وَاِذَا حُشِرَ النَّاسُ كَانُوا لَهُمْ اَعْدَٓاءً وَكَانُوا بِعِبَادَتِهِمْ كَافِر۪ينَ
Haşera حشر :
Haşr حَشْرٌ bir topluluğu yerleşik oldukları yerlerinden çıkarıp ve koparır gibi ayırıp savaşa veya başka bir şeye götürmektir. حَشْرٌ kelimesi gerek insan gerek diğer varlıklar için ancak yalnızca bir toplulukla ilgili kullanılır. (Müfredat)
Kuran’ı Kerim’de sülasi fiil ve üç farklı isim formunda olmak üzere 43 defa geçmiştir. (Mu'cemu-l Mufehres)
Türkçede kullanılan şekilleri haşrolmak, mahşer, haşere ve haşerattır. (Kuranı Anlayarak Okuma Rehberi)
وَاِذَا حُشِرَ النَّاسُ كَانُوا لَهُمْ اَعْدَٓاءً وَكَانُوا بِعِبَادَتِهِمْ كَافِر۪ينَ
وَ atıf harfidir. Atıf harflerinden biri kullanılarak iki kelimeyi veya iki cümleyi birbirine bağlamaya atf-ı nesak denir. Atıf harfinden önce gelene matufun aleyh, sonra gelene matuf denir. Matuf ve matufun aleyh arasında irab bakımından, sıyga bakımından, cümlelerin haberî veya inşaî olması bakımından uyum olur. Mana bakımından aralarında uygunluk varsa fiil isme atfedilebilir. Müstetir zamir atıf olmaz. Matufun îrabı her zaman için matufun aleyhe uyar.
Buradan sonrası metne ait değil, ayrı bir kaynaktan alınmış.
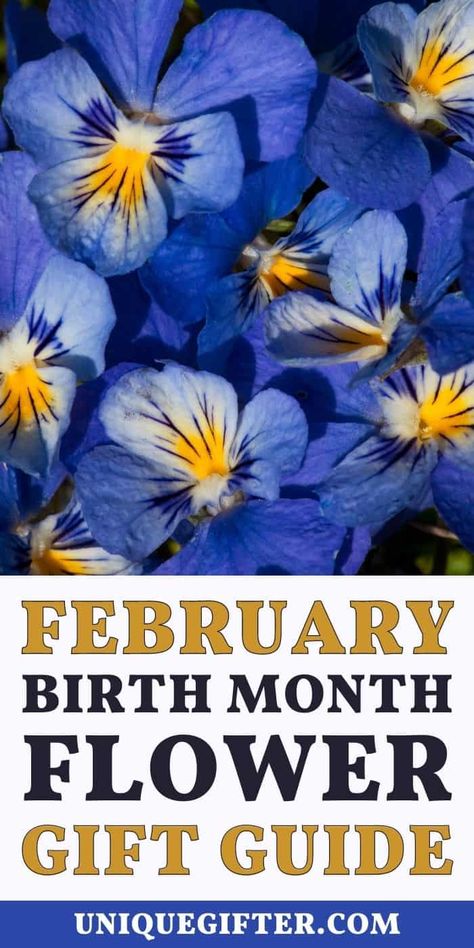 Best Birth Month Flower Gift Ideas for February | February Flower Gifts | Birth Month Gifts | Flower Gift Ideas #FebruaryFlowerGiftIdeas #FebruaryBirthdays #BestFlowerGifts #FebruaryFlowers Superhero Gift Ideas, Flower For February, February Flower, Superhero Gifts, Care Package Ideas, Flower Gift Ideas, February Birthday, Christmas Weddings, Package Ideas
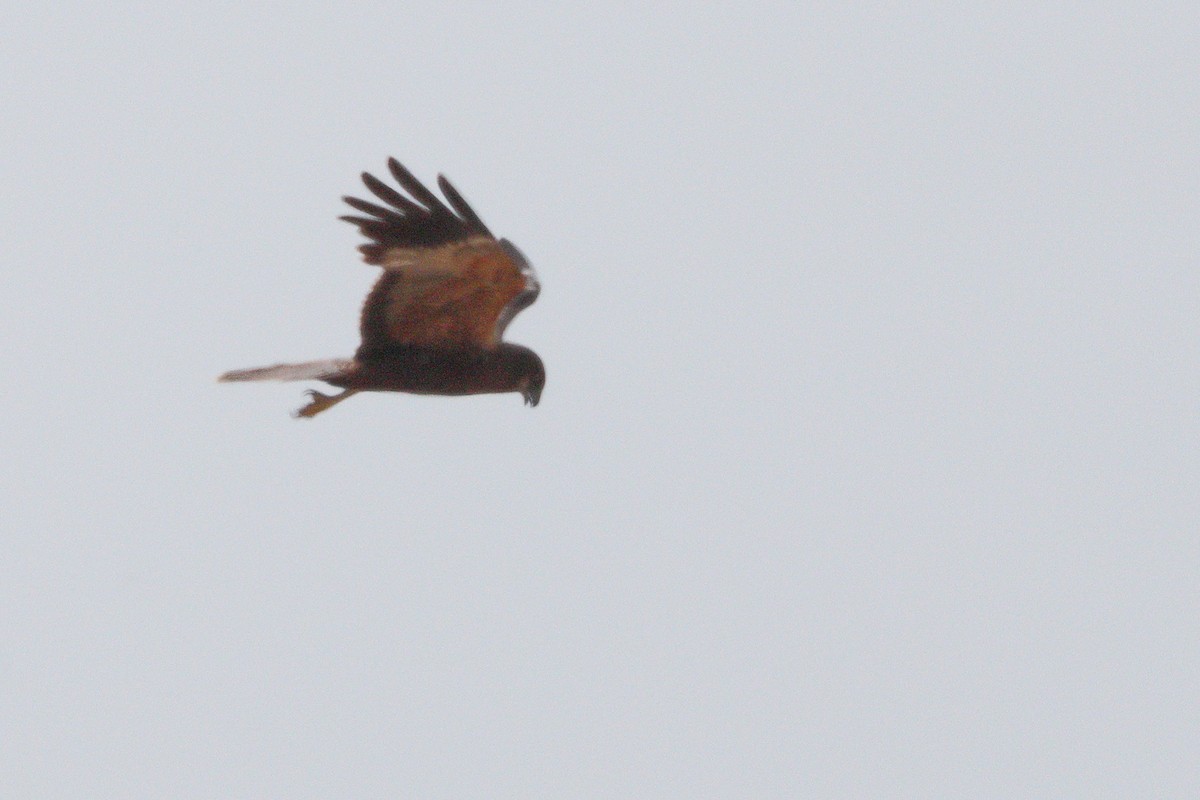 Falco di palude - ML659331239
Matuf ve matufun aleyhin hükümde ortak olduğunu belirtir. İkisi arasında tertip (sıra) olduğunu göstermez. Vav ile yapılan atıfta matuf ve matufun aleyh yer değiştirebilir. (Arapça Dilbilgisi Ayetlerle Nahiv Bilgisi)
اِذَا şart manası taşıyan, cezmetmeyen zaman zarfıdır. Cümleye muzâf olur. Vuku bulma ihtimali kuvvetli veya kesin olan durumlar için gelir.
إِذَا : Cümleye muzâf olan zarflardandır. Kendisinden sonra gelen muzâfun ileyh cümlesi aynı zamanda şart cümlesidir.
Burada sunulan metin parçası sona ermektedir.